Rural Housing Service, Rural Business-Cooperative Service, Rural Utilities Service, and Farm Service Agency, USDA.
Final rule.
The Rural Housing Service (Agency) is amending regulations on Community Facility Loans, to maintain consistency with standard industry contracts and to make minor revisions to streamline processing applications. These revisions are needed to conform to market and industry changes by updating, clarifying, and modifying the regulatory requirements for community facility construction and development. The amendments to the regulation will streamline current processes and provide for faster reviews of alternate construction contract methods (such as Design/Build and Construction Management) by the Agency's National Office.
This rule is effective July 17, 2012.
William Downs, Technical Support Branch, Program Support Staff, Rural Housing Service, U.S. Department of
This rule has been determined to be not significant for purposes of Executive Order 12866 and, therefore, has not been reviewed by the Office of Management and Budget (OMB).

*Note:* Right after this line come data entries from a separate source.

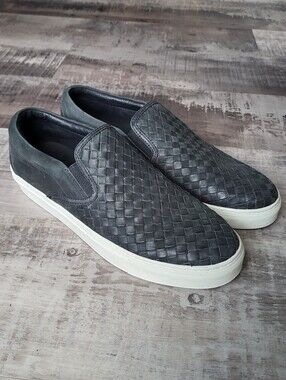 J Slides NYC Mens 10 Woven Leather Slip On Sneakers Basketweave Casual Black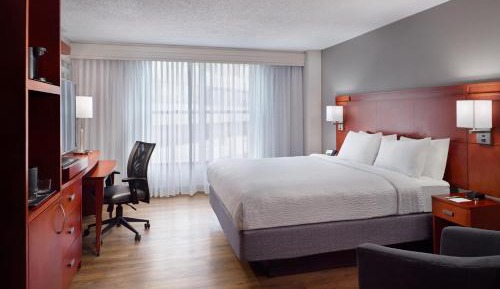 King Room - Hearing Accessible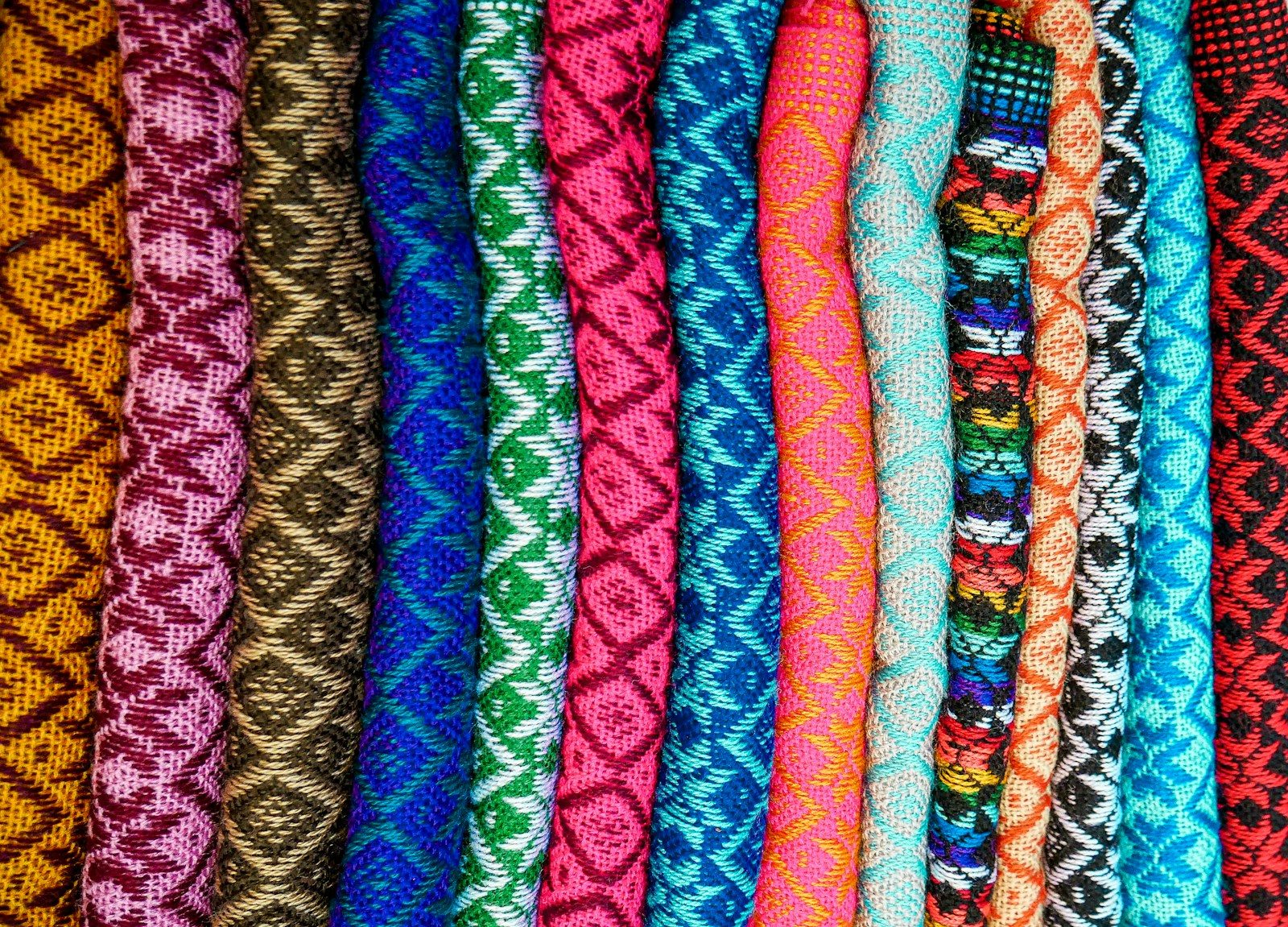 Tecidos coloridos com padrões geométricos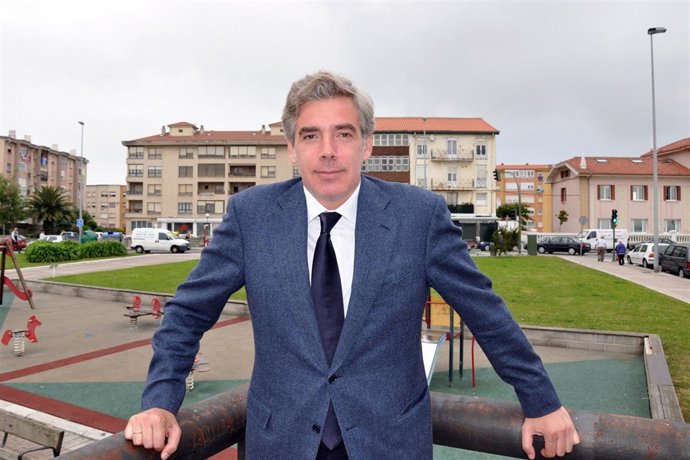 José María Fuentes-Pila, Candidato Del PRC.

This rule has been reviewed in accordance with Executive Order 12988, Civil Justice Reform. Except where specified, all State and local laws and regulations that are in direct conflict with this rule will be preempted. Federal funds carry Federal requirements. Applications for funding under this program are voluntary. Applicants who apply and are selected for funding must comply with the requirements applicable to the Federal program funds. This rule is not retroactive. It will not affect agreements entered into prior to the effective date of this rule. Before any judicial action may be brought regarding the provisions of this rule, the administrative appeal provisions of 7 CFR parts 11 and 780 must be exhausted.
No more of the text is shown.